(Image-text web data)
--------
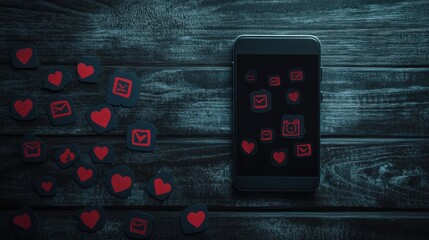 Poster - A smartphone rests on a wooden surface with various notification icons around it, illustrating social media interactions in modern life. Generative AI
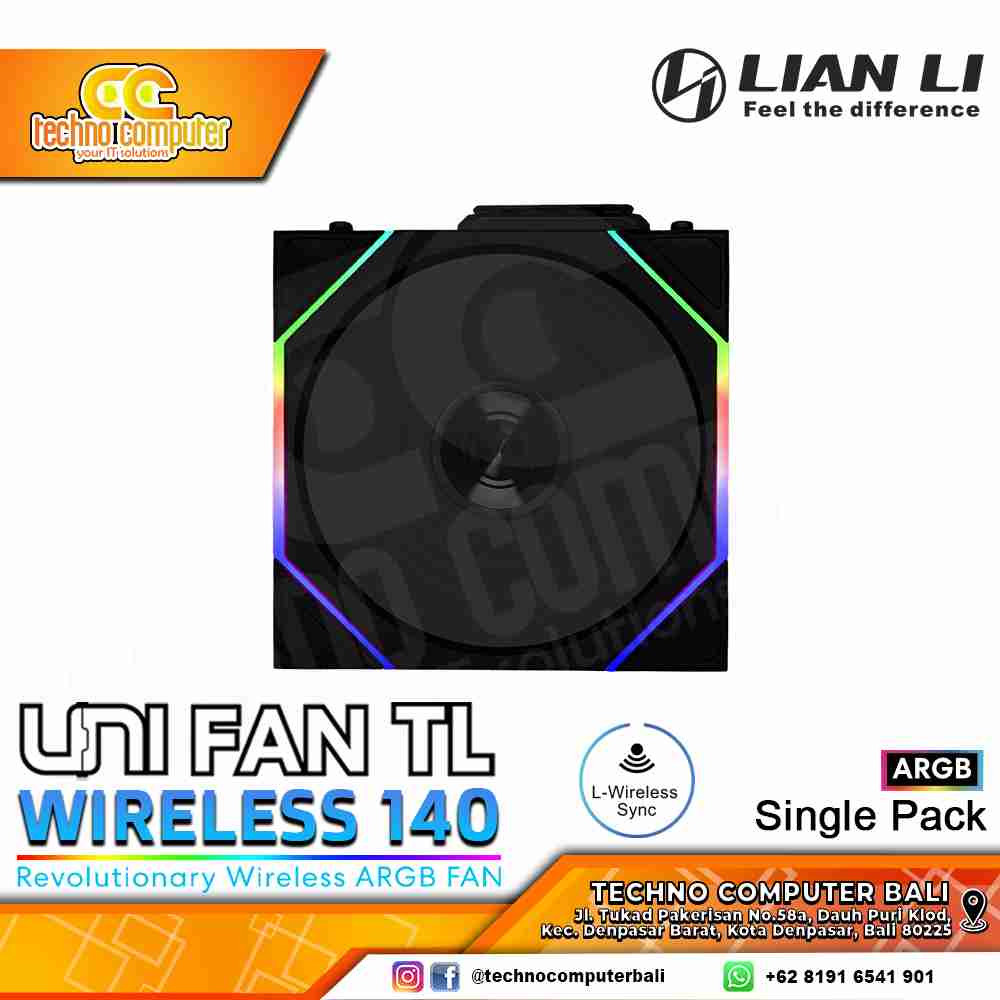 FAN CASING LIAN LI UNI FAN TL Wireless 140 Black - 140mm Single Pack ARGB Fan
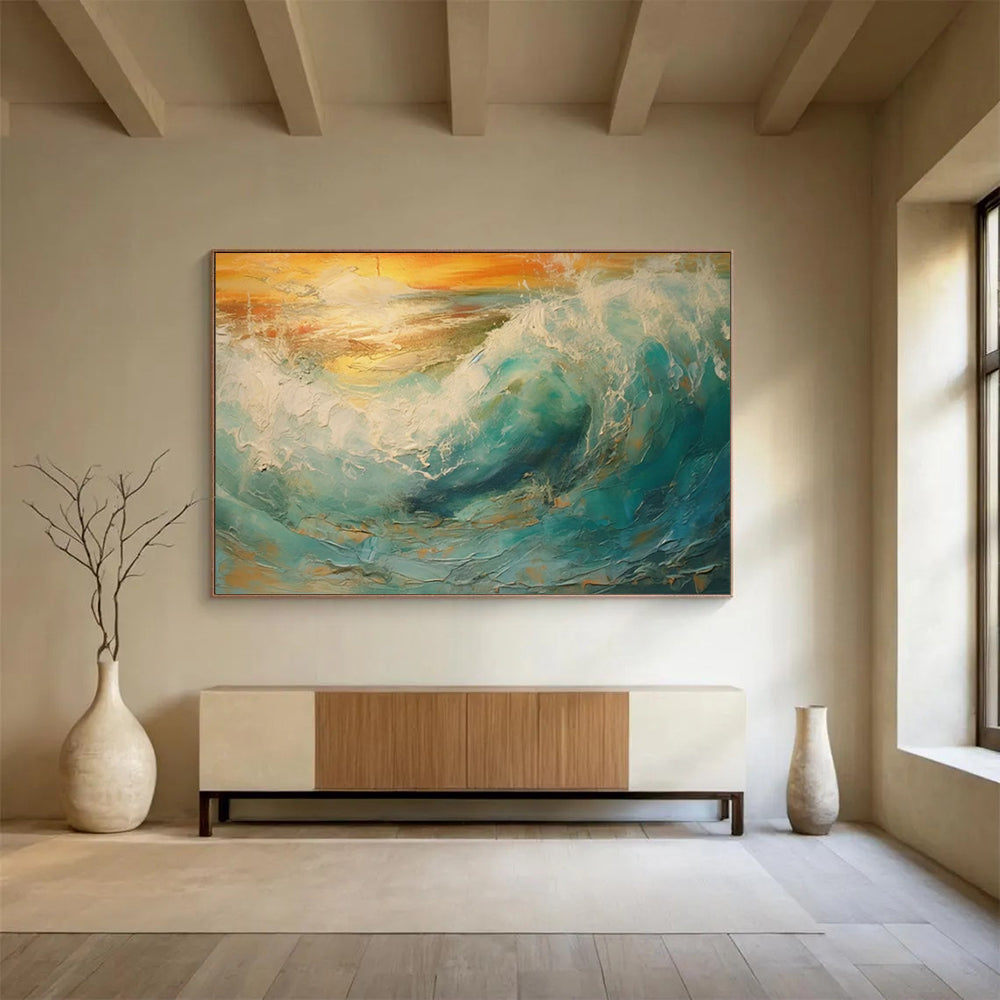 Crashing Waves at Sunset - Textured Impasto Oil Seascape CT1801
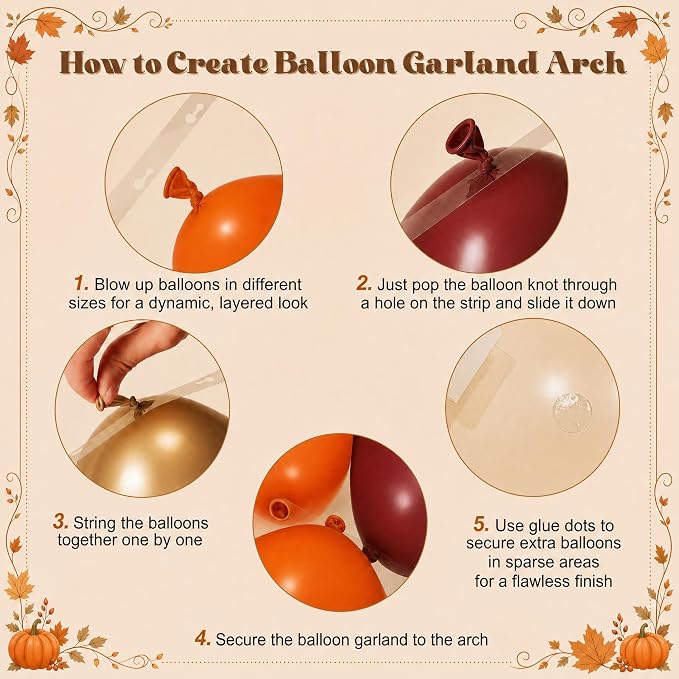 Burgundy Fall Balloon Arch Kit for Autumn Thanksgiving Party Decorations | - Image 6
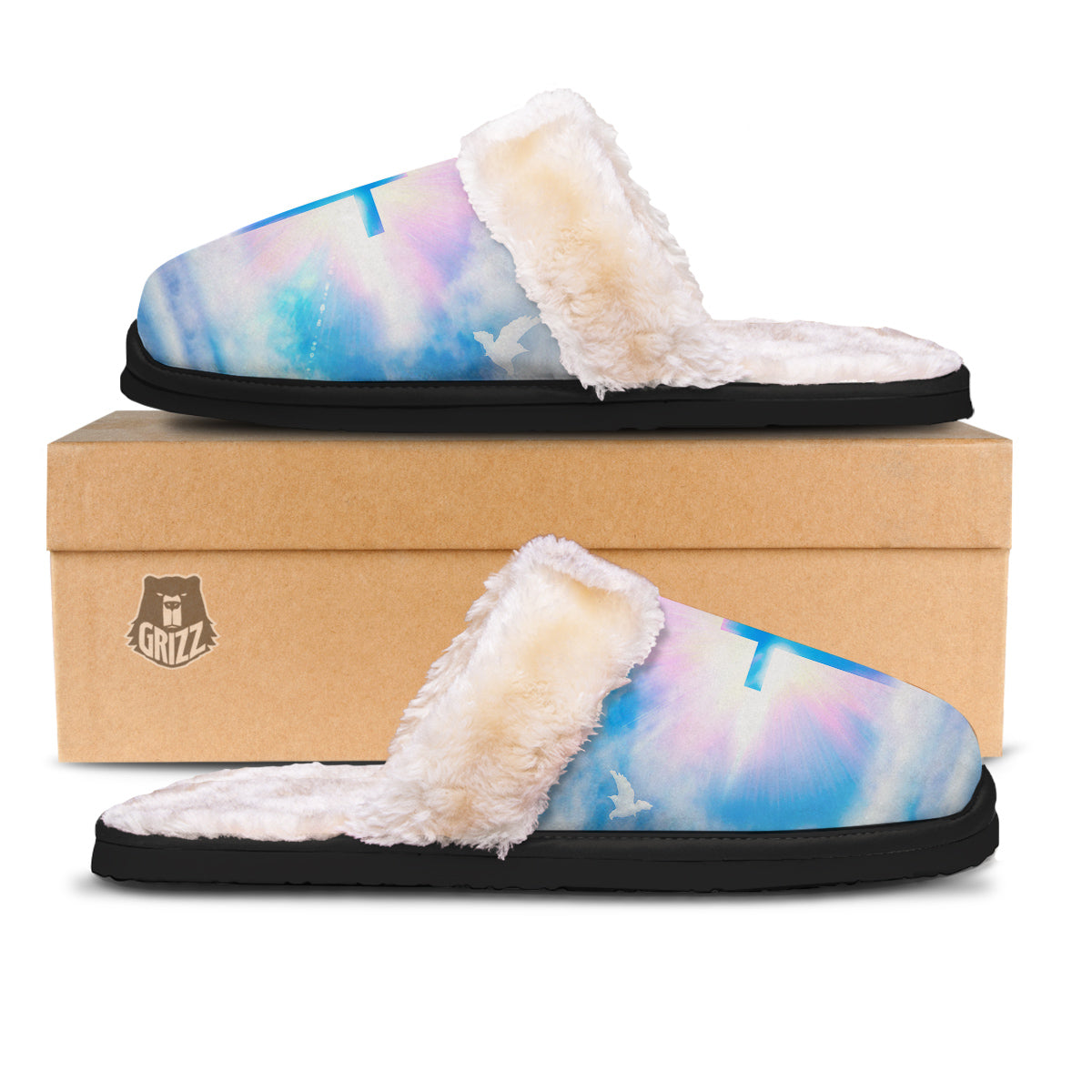White Doves And Christian Cross Print Slippers-grizzshop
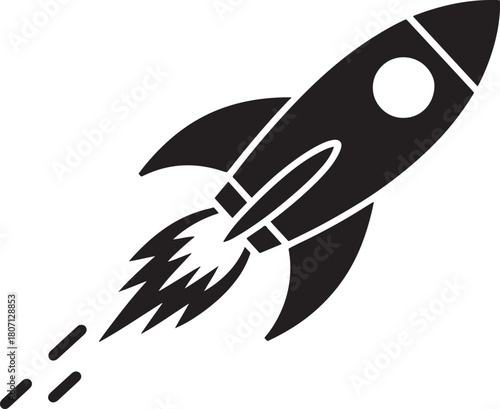 Rocket launching icon with trail representing startup and progress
--------
Problem to solve - Apart from the pictures, every record must be set down exactly.

Solution to this exercise -
 Poster - A smartphone rests on a wooden surface with various notification icons around it, illustrating social media interactions in modern life. Generative AI
 FAN CASING LIAN LI UNI FAN TL Wireless 140 Black - 140mm Single Pack ARGB Fan
 Crashing Waves at Sunset - Textured Impasto Oil Seascape CT1801
 Burgundy Fall Balloon Arch Kit for Autumn Thanksgiving Party Decorations | - Image 6
White Doves And Christian Cross Print Slippers-grizzshop
 Rocket launching icon with trail representing startup and progress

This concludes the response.